Back to All Events

Contextual Bandit Learning in Real-World Applications - Marco Rossi (Microsoft Research)

Applications and systems are constantly faced with decisions that require picking from a set of actions based on contextual information. Reinforcement-based learning algorithms such as contextual bandits can be very effective in these settings, but applying them in practice faces fundamental challenges, and no general system exists that supports them completely. To address this problem, we created the Decision Service: the first end-to-end system for contextual learning. The Decision Service enables all aspects of contextual bandit learning using a loop of four system abstractions: explore (the decision space), log, learn, and deploy. Notably, our new explore and log abstractions ensure the system collects correct, unbiased data, enabling online learning and offline experimentation.
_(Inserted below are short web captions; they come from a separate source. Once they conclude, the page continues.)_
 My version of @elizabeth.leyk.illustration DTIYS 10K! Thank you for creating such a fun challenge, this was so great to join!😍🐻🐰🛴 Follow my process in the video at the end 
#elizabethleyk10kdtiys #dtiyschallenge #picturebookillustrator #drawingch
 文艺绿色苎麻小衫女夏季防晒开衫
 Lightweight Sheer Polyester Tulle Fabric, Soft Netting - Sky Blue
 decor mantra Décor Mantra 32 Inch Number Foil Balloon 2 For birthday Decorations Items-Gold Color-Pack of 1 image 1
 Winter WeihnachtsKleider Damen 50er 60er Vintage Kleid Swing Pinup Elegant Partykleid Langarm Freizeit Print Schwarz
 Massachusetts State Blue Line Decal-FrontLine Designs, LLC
The Decision Service has a simple user interface and has been applied with strong results in a variety of settings, such as content recommendation, revenue lift in landing page, tech support, and machine failure handling.
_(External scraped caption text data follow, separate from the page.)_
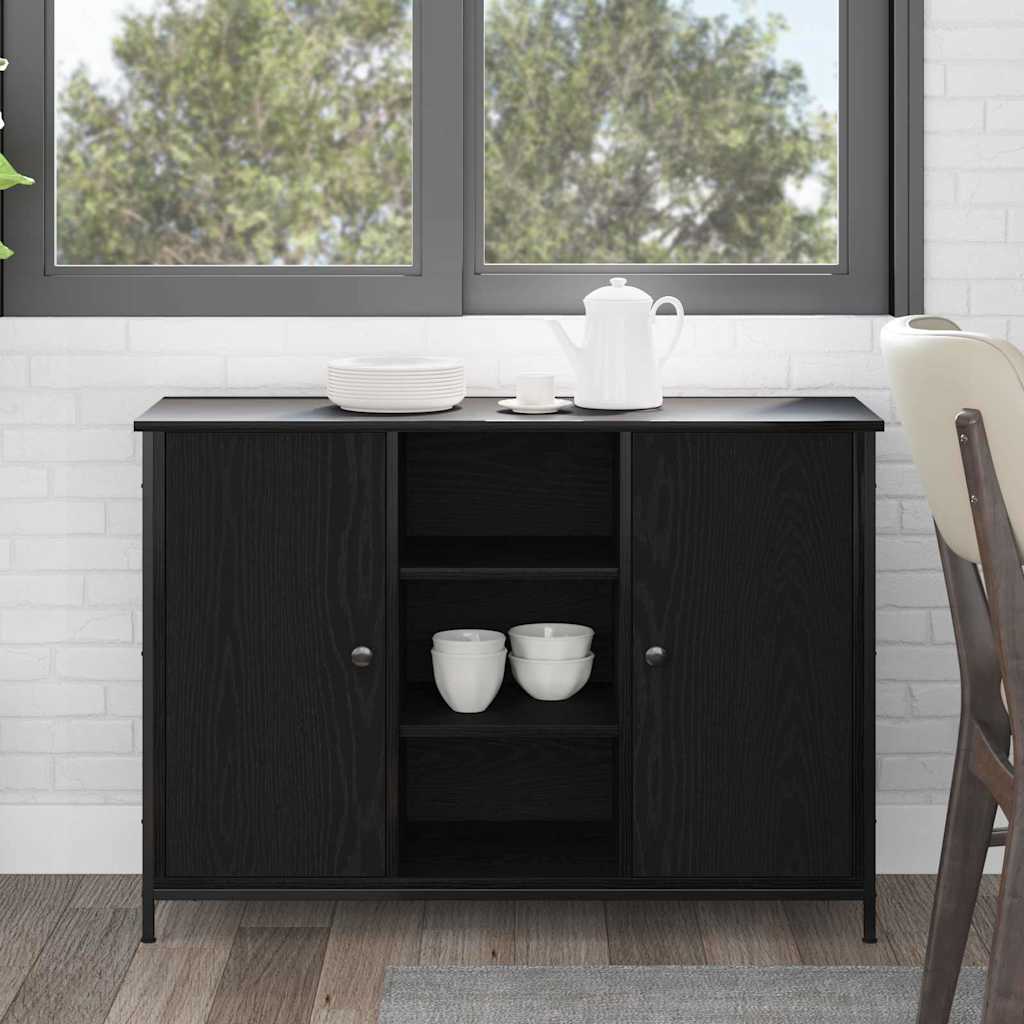 Dressoir Zwart Eiken 100 x 35 x 70 cm is nu te koop bij PeponiXL, paradijselijk wonen!
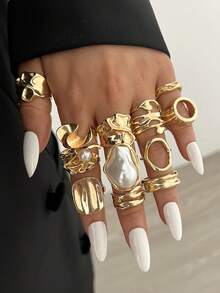 Set de 12/3 piezas de anillos de mujer vintage elegantes de estilo bohemio con diseños geométricos asimétricos y perlas, de metal, aptos para uso diario, fiestas, citas, vacaciones, bodas y regalos de festivales - Dorado - Ver 2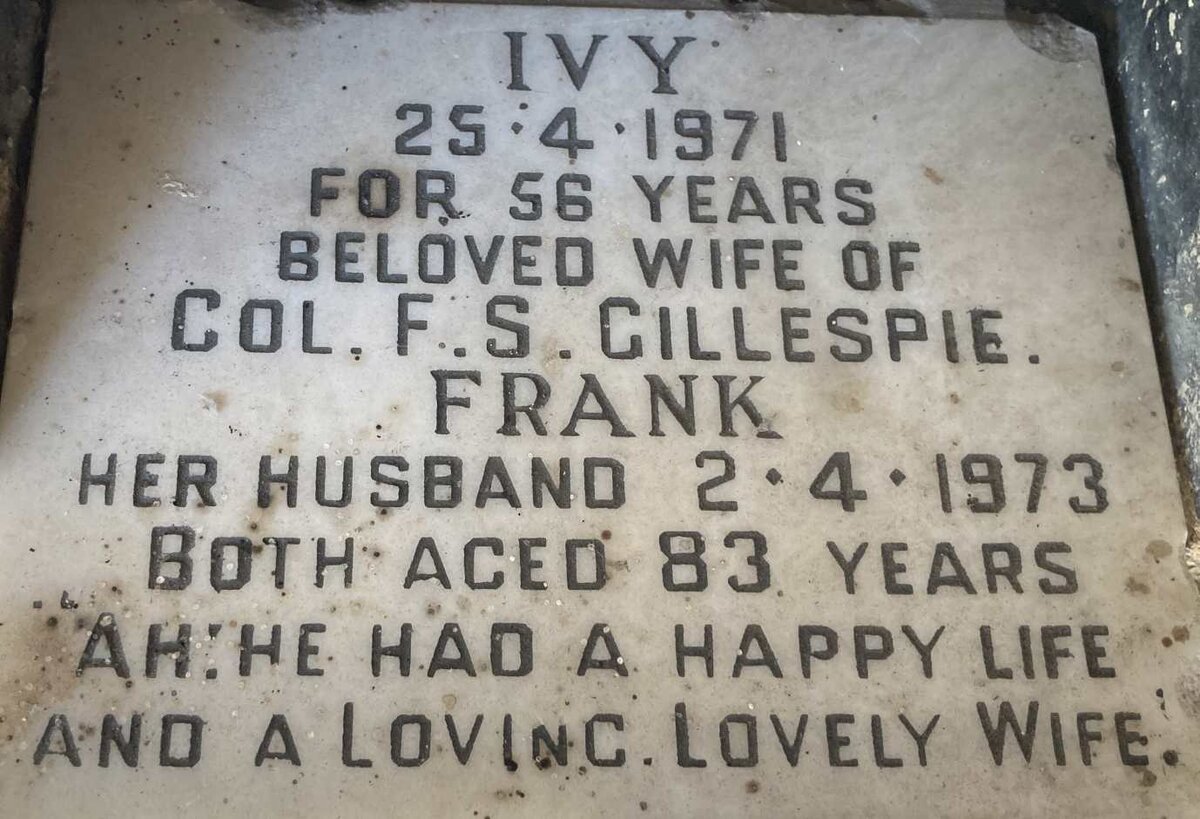 GILLESPIE Frank S. -1973 & Ivy -1971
Marco Rossi is a Sr. Data Scientist working in online learning at Microsoft Research New York City. Previously, he was a Sr. Researcher at a computer vision start-up, where he used unsupervised learning to design image recognition algorithms. He received his undergraduate and graduate degrees in Telecommunications Engineering from Politecnico di Milano, and he obtained his PhD in Electrical Engineering from NJIT. He is passionate about using data and Machine Learning to address real-world problems.